This characterization has not been entirely satisfactory, because many patients do not comfortably fit into one of these explicitly defined categories.1-3 The efficacy of current pharmacotherapy for AS has driven the development of clinical algorithms (judiciously using magnetic resonance imaging [MRI]) to identify early disease and thereby allowing initiation of appropriate therapy before the development of irreversible damage.4,5

A major deficiency of the earlier classification systems for pediatric chronic arthritis was the failure to adequately distinguish children with arthritis who have, or who might ultimately develop, a spondyloarthropathy, from those with juvenile rheumatoid arthritis.6-8 Although the EULAR classification includes juvenile ankylosing spondylitis and juvenile psoriatic arthritis, these conditions are defined according to adult criteria that require the presence of radiologically identified sacroiliitis or psoriasis, respectively. Children who ultimately develop ankylosing spondylitis (AS), however, will generally not present with back pain or sacroiliitis (the primary requisites for diagnosing AS in adults).
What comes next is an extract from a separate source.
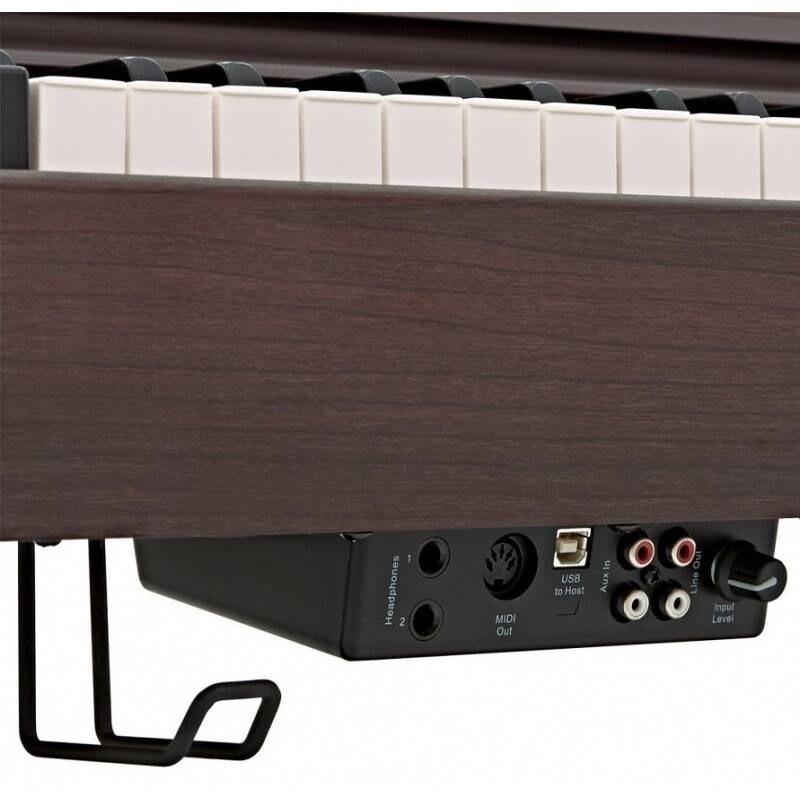 Dynatone SLP-175 - pianino cyfrowe 88 klawiszy, USB Audio/MIDI, kolor palisander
Rather, they typically have peripheral arthritis and a constellation of other features including enthesitis, onset later in childhood, a family history of AS or related diseases, and presence of HLA-B27 antigen.9,10 To address these deficiencies, such patients have been variously described as having the syndrome of seronegative enthesopathy and arthropathy (SEA syndrome), pauciarticular onset juvenile rheumatoid arthritis (JRA) type II, late-onset pauciarticular juvenile chronic arthritis (LOPA), and HLA-B27-associated arthropathy and enthesopathy syndrome.11-14 Patients with these various syndromes could also be characterized as having “early” or “undifferentiated” spondyloarthropathy.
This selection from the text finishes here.